Bprnews.id - Dalam suasana tegang yang melingkupi industri perbankan Indonesia, khususnya Bank Perkreditan Rakyat (BPR), Otoritas Jasa Keuangan (OJK) telah mengambil langkah tegas dengan mencabut izin usaha lima BPR sejak awal 2024. Langkah ini dimaksudkan untuk menstabilkan sektor perbankan dan memulihkan kepercayaan publik yang terkikis.
Menurut Kepala Eksekutif Pengawasan Perbankan, Dian Ediana Rae, OJK memiliki visi strategis untuk merampingkan jumlah BPR seiring dengan implementasi Undang-Undang Nomor 4 Tahun 2023 tentang Pengembangan dan Penguatan Sektor Keuangan (UU PPSK). Dalam konferensi pers, Dian mengungkapkan bahwa ada tiga faktor utama yang menyebabkan penurunan jumlah BPR di Indonesia.
"Pertama, kepemilikan BPR tidak lagi dapat dimonopoli oleh satu pihak. Kedua, adanya ketentuan modal minimum sebesar Rp6 miliar.
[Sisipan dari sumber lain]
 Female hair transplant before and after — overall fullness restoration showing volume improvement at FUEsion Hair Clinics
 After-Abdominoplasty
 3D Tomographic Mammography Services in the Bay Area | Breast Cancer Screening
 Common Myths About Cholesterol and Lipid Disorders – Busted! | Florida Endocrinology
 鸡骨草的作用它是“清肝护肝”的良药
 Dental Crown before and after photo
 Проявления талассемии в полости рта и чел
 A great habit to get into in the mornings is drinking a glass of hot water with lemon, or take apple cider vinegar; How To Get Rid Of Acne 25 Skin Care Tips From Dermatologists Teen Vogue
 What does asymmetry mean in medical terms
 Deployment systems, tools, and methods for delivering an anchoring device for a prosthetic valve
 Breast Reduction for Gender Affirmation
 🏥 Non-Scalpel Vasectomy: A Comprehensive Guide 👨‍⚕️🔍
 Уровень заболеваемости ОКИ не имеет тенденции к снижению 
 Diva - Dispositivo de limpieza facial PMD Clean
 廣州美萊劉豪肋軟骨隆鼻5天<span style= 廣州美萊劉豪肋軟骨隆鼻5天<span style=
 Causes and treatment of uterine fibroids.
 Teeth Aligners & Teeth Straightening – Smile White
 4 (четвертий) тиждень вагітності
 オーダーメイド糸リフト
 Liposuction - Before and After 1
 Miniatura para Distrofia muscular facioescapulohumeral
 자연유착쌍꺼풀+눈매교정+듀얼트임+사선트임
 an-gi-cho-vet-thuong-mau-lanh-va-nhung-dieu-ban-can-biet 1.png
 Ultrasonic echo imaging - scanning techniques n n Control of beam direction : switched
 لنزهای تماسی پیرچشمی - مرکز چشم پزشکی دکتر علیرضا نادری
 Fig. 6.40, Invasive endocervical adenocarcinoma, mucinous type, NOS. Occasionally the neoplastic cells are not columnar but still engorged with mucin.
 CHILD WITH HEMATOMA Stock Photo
Dan ketiga, kasus penipuan atau fraud yang menjadi penyebab banyak BPR harus ditutup," ungkap Dian.
Langkah OJK ini merupakan bagian dari upaya untuk menjaga kinerja sehat bank-bank, meskipun beberapa harus ditutup karena masalah struktural yang mendasarinya. Meski demikian, OJK dan LPS menjamin bahwa dana masyarakat di BPR tetap aman.
Penutupan BPR juga memberikan dampak positif dalam jangka panjang dengan memperkuat fondasi sektor perbankan. Melalui peningkatan kualitas tata kelola dan pengembangan sumber daya manusia, OJK berharap sektor BPR dapat menjadi lebih tangguh dan responsif terhadap kebutuhan masyarakat.
Dengan dukungan regulasi yang progresif dan komitmen untuk tata kelola yang baik, sektor BPR diharapkan dapat melewati masa kritis ini dan berkontribusi lebih signifikan terhadap inklusi keuangan dan pembangunan ekonomi Indonesia.